Après s'être assurée que je serai entre de bonnes mains, elle repartit aider les hommes à la scie, qui avaient eu le temps d'exhumer trois corps. On me donna à boire, on me donna à manger et, pendant que je comblais se vide qui me dévorait de l'intérieur, on me couvrit d'une couverture chaude et épaisse qui parvient à peine à me réchauffer dans mes poils tondus juste avant la période du noir étaient courts.

Il ne restait qu'un boxe à ouvrir. Celui de ma mère. Tous les autres boxes étaient vides ou habités par des cadavres en cours d'identification. Effectivement, nous étions tous pucés et identifiés, même si aucun de nous était à la lettre. Il y avait cinq autres chevaux: Sacha, une ponette shetland, Duc Bellefontaine, un vieux cheval de selle, Baron dell'arte, un lipizzan qui, un jour, fut un bon cheval de dressage, et des jumeaux, Diablo Bellefontaine et Lucifer Bellefontaine, de poulinières Selles Françaises. On m'identifia comme Miss Bellefontaine, la fille d'une championne de saut d'obstacle qui, malheureusement, s'abîma en concours au point de ne plus jamais pouvoir être montée, ma mère. Quand elle entendit le nom de la jument qui me fit voir le jour, la jeune femme me regarda d'un air halluciné. La connaissait-elle déjà?
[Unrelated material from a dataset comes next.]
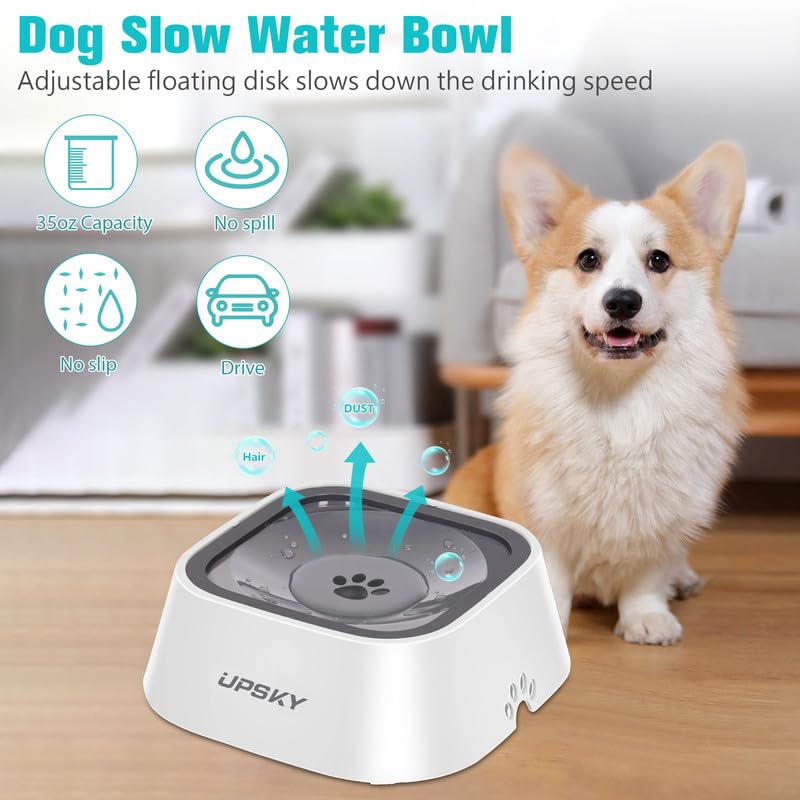 New UPSKY No-Spill Pet Water Bowl (Slow Water Feeder) | 35 oz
Ils ouvrirent le boxe. Elle passa la tête à l'intérieur et, à la vue du corps encore chaud, tomba au sol tout en répétant en boucle "Ce n'est pas possible, ça ne peut pas être elle. Ce n'est pas possible, ça ne peut pas...". Au même moment, des gendarmes partis explorer la maison plus tôt revinrent vers le groupe avec le corps inconscient de celui que je supposais être l'homme au téléphone. Elle sortit quelque peu de sa transe, affolée à l'idée qu'il puisse être mort: "Luc! Luc, Luc, réveilles-toi s'il-te-plaît, tu ne peux pas me faire ça aujourd'hui! Mais qu'a-t-il vu pour être comme ça?" ajouta-t-elle à l'attention des éclaireurs.




...




Aucun des hommes ne voulait le dire.




...




"Mais allez-y, dites le!", hurla la jeune femme.




...




"Mademoiselle O'Connor, il y avait des cadavres là-bas. Et, de toute évidence, ils ne datent pas d'hier."


A ces mots, elle s'effondra une nouvelle fois en murmurant une phrase à laquelle personne ne fit attention sauf moi, "la jument miraculée": "Tout est de ma faute, j'aurai du revenir plus tôt".